I dream about going to the zoo a lot, too. 
Who wants to make that dream come true?

You guys wanna know my most embarrassing moment (of the week)? "Well, what  else does she blog about?"

The story goes like dis: I went to Albertson's semi-late at night. And by that I mean at 8:30pm, but that's "late" in American Fork, and also nobody shops at that store anyway, so when you walk in you can yell things like "I EAT PIE FOR BREAKFAST!!!" And hear the echo bounce all throughout the store. The possibilities, man. The freedom.

So I bought the things I came for, and soon thereafter realized my bladder was suuuper full (I had been at a wedding reception a few minutes previous, and we all know how those go for me). I followed the signs to the restroom, which led me up a really sketchy staircase, complete with flickering lights and lipstick graffiti on the walls.

Okay, just kidding. There was no lipstick graffiti. Still in American Fork, yo.

When I got to the top of the stairs, I wasn't close to any restroom. I was in the employee lounge. I'm not gonna lie, the comfy leather chairs and vending machine looked inviting, especially at 8:30 at night (my bedtime). But I pressed on.

I was greeted by yet another sketchy hallway. No flickering lights. No lights at all. Does this sound safe to you? Especially for a girl wearing very tall shoes and a skirt? Hmm?!?!

Yeah. It was safe. Still in American Fork.

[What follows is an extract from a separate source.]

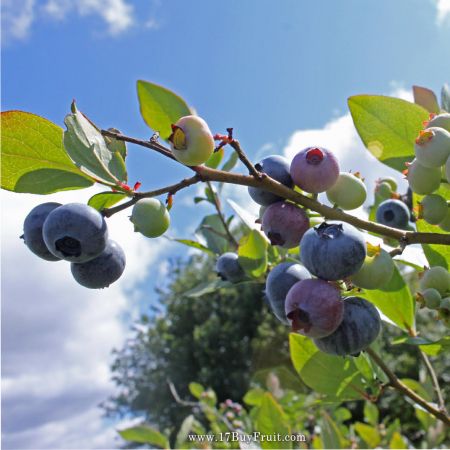 【今夏首批】｛美國新鮮有機藍莓｝沁涼藍寶石甜酸多汁，豐沛天然花青素，老客戶現折$100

Well, then I finally reached a door that looked promising. I opened it and kind of, sort of, completely hit a person with the door. Not just a person, though. A very pubescent, very redheaded, braces-wearing boy. He smiled awkwardly at me. Then I saw the other teenager with him. I deduced from their mop bucket and the smell of cleaner that they were cleaning the bathroom.

"oOHHHH, so HERE'S the employees! I wonder if they heard me say I eat pie for breakfast..."

As soon as they realized I was a civilian needing to use the bathroom, they awkwardly shuffled out of the bathroom. I think I said "Heh heh...sorrry...."

Sorry I have to use the bathroom...? Eh, I don't know. Somebody had to apologize for all the awkward energy that was spinning around in that room. I took it upon myself to do so.

I think you all know what happened next. I was in the bathroom. So....


beeeeeeeeep

Okay. So I washed my hands, calmed down the frizzies on top of my head, and opened the door to leave.

Bang!

Hit the shoulder of one of the boys again....

Wait. Waiiiit. Were you guys standing outside the entire time?

Yes. Yes they were. And I did not actually ask them that. In my head I did, followed by a scream, and I'm sure my face looked something like this:

here's to bad lighting, wasssup!

Well, then they kind of moved past me like "Hey get out of the way we were cleaning in here..." And I ran as fast as my tall shoes could take me, all the while mortified and thinking "Oh my gooosssh they heard me peeing oh my gosh!" (sorry mom for saying "pee" on the internet).

My life. 

And now, for the musical portion of my bliggity-blog.

when people tell me they don't like music, I feel like this:

I've found some greeeaaaat gems on YouTube lately for your listening pleasure. I haven't done a music post in like...a year. Who am I. So here you go. 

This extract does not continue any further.